=== Data extract ===
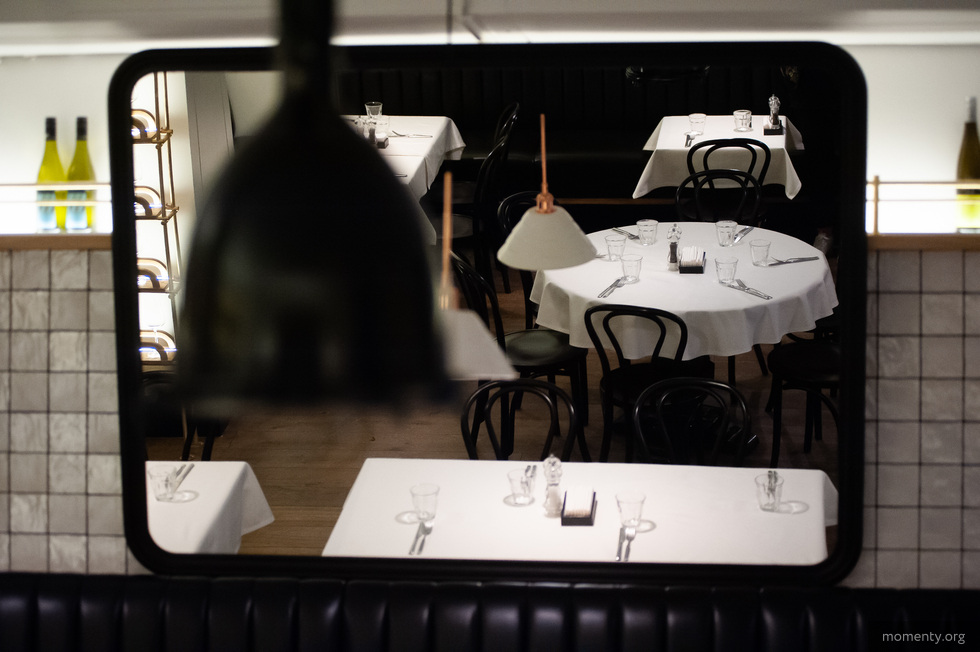 Морепродукты на&nbsp;льду и&nbsp;медовик с&nbsp;пчелиной пыльцой. Гастроновости Екатеринбурга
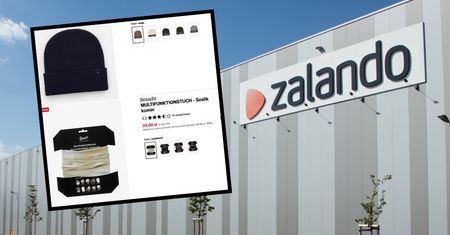 Obkupisz się na jesień za grosze. Sprawdziliśmy rabaty na Zalando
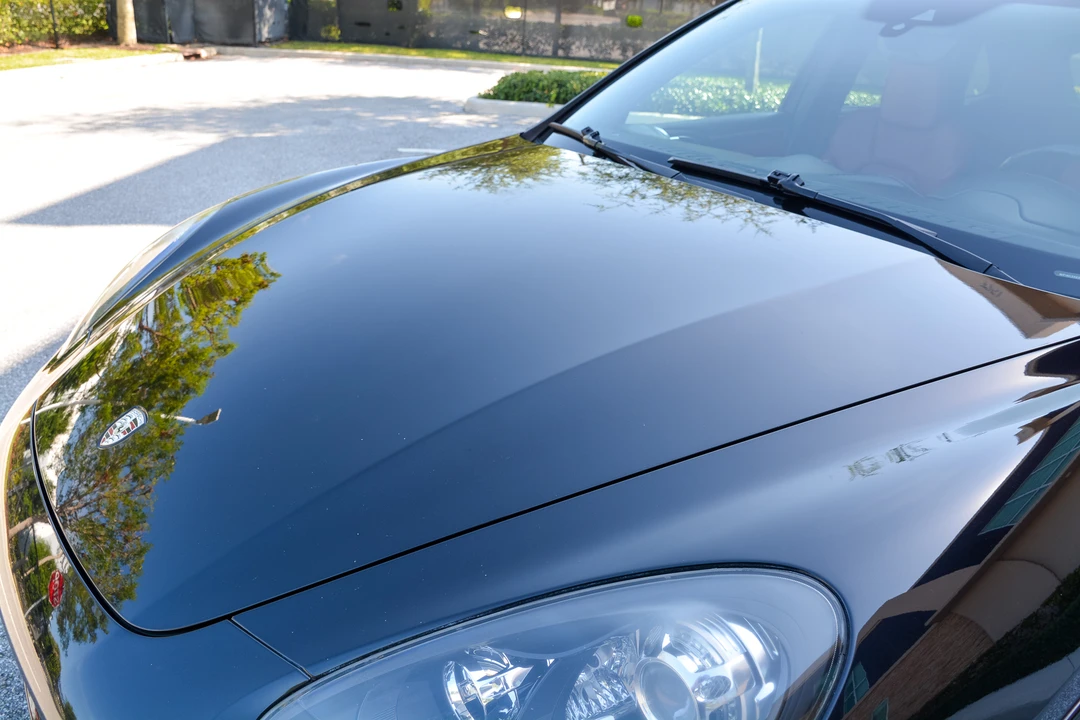 2014 Porsche 958 Cayenne Turbo S - Image 19 of 31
===
Copy every line of the data word for word, omitting the images.

 Морепродукты на&nbsp;льду и&nbsp;медовик с&nbsp;пчелиной пыльцой. Гастроновости Екатеринбурга
 Obkupisz się na jesień za grosze. Sprawdziliśmy rabaty na Zalando
 2014 Porsche 958 Cayenne Turbo S - Image 19 of 31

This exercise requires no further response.